Celebrated from September 15 to October 15 annually is Hispanic and Latin Heritage Month. It is a way to appreciate and honor the rich history and culture of these beautiful communities, and how they have influenced and contrived to American society at large.
Hispanic and Latin Heritage Month starts on September 15 since it is the day when multiple Hispanic countries gained their independence. This includes Costa Rica, El Salvador, Guatemala, Honduras, and Nicaragua. Mexico gained their independence on September 16, followed by Chile on September 18, Belize on September 21, and Puerto Rico on September 23.
The celebration of Hispanic Heritage Month was first introduced in June of 1968 by California Congressman George E. Brown. The push to recognize the contributions of the Latin and Hispanic communities had gained momentum throughout the 1960s when the civil rights movement was at its peak and there was a growing awareness of the United States’ multicultural identities.
The Difference Between Hispanic and Latin-American
While it has been a common temptation to use the terms “Hispanic” and “Latin” interchangeably, it is important to know the differences between the two.
Hispanic describes a person who is of a Spanish-speaking origin while Latin/x/e/a/o describes a person who is of Latin-American origin. The key difference between Hispanic and Latin is that the definition of Hispanic excludes Brazil since the primary language of Brazil is Portuguese.
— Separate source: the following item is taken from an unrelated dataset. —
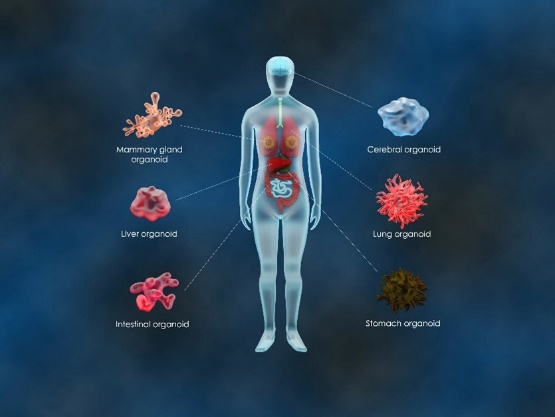 Organoid Differentiation from Induced Pluripotent Stem Cells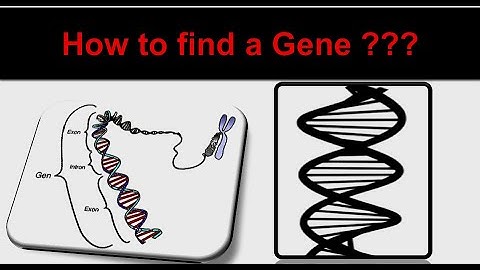 How to find a gene| how  to retrieve gene sequence| how to identify gene protein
Multiple countries can be considered both Hispanic and Latin such as Argentina, Bolivia, Chile, Colombia, Costa Rica, Cuba, Dominican Republic, Ecuador, El Salvador, Guatemala, Honduras, Mexico, Nicaragua, Panama, Paraguay, Peru, Puerto Rico, Spain, Uruguay and Venezuela.
In general, there are a number of ways that Hispanic and Latin people might identify themselves as and it is always best to respect whether they have a preference or not!
Did you know that our Founder and CEO is Latina? Learn more as we spotlight our very own CEO, Suz Hernandez, as she celebrates her rich Latin culture and heritage:
Full Name: Suzan Hernandez
Hometown: Los Angeles, CA
Current Residence: New York, NY
What is your cultural background? How has or has not defined who you are today?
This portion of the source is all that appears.